My timing is really off.
This week, England begin their Ashes campaign carrying with them the tools to command the series and win in Australia for the first time since the Eighties.
Next Saturday, we have our club dinner and awards night and, as captain, I will be giving a speech.
This Tuesday, I am flying to Timisoara, Romania and I'm not back until late friday night.
It's a huge week for cricket and I will be in Eastern Europe, a place not known for its enthusiasm for the game. Is there a chance that my hotel will have internet access so brilliant that I will be able to watch the test match on Sky Player - will Sky Player work from an international IP address? Will I be able to listen to Test Match Special as I go to sleep?
Will I, in the dead of night, creep down to the hotel bar to discover other English patriots hunched around the one television in the hotel that is showing the coverage?
Will I find that Romania has a cricketing underbelly and its roots are in the revolutionary city of Timisoara?
And the speech. I'll have to write it on the 'plane on the way home, should I photocopy the pages from the scorebook? I have a recollection that last year, I wrote my speech on a train home from London and delivered it that night.
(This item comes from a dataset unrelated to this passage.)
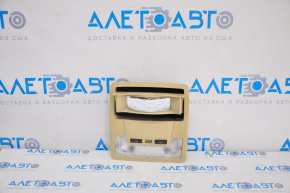 Front light Toyota Highlander 14-18 beige without sunroof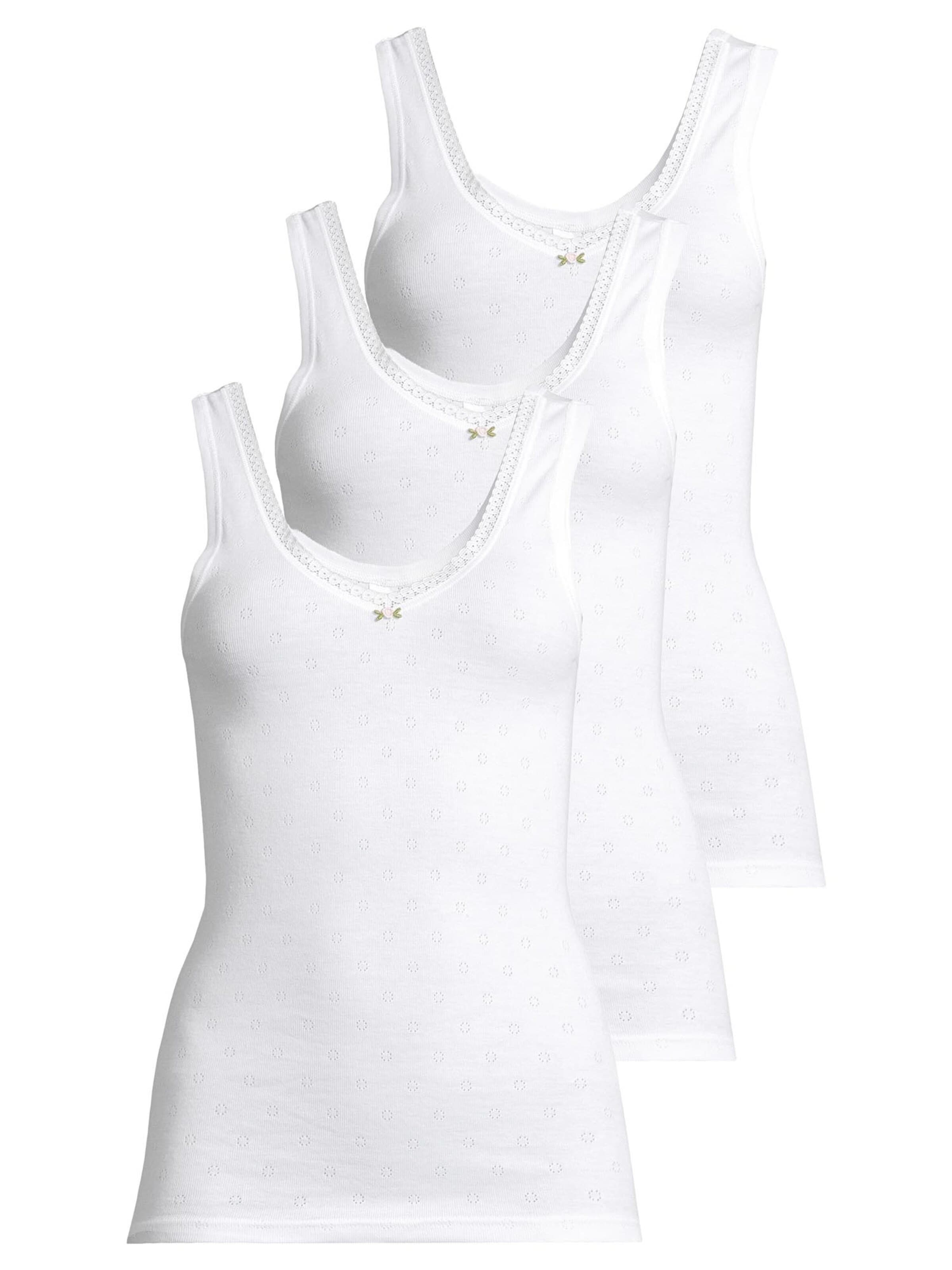 SPEIDEL Undershirt 'Nina' in White: front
Work has this funny way of intervening in my cricketing life. How lovely it would be to sit around all week, pontificating on the season and crafting some amusing stories to share with the club next Saturday.
Instead I shall be hurtling over central Europe, struggling to recall the exact state of the game, early in the season when we took this catch, or that wicket. When we tasted glorious victory or bitter defeat. When we felt the sun on our backs.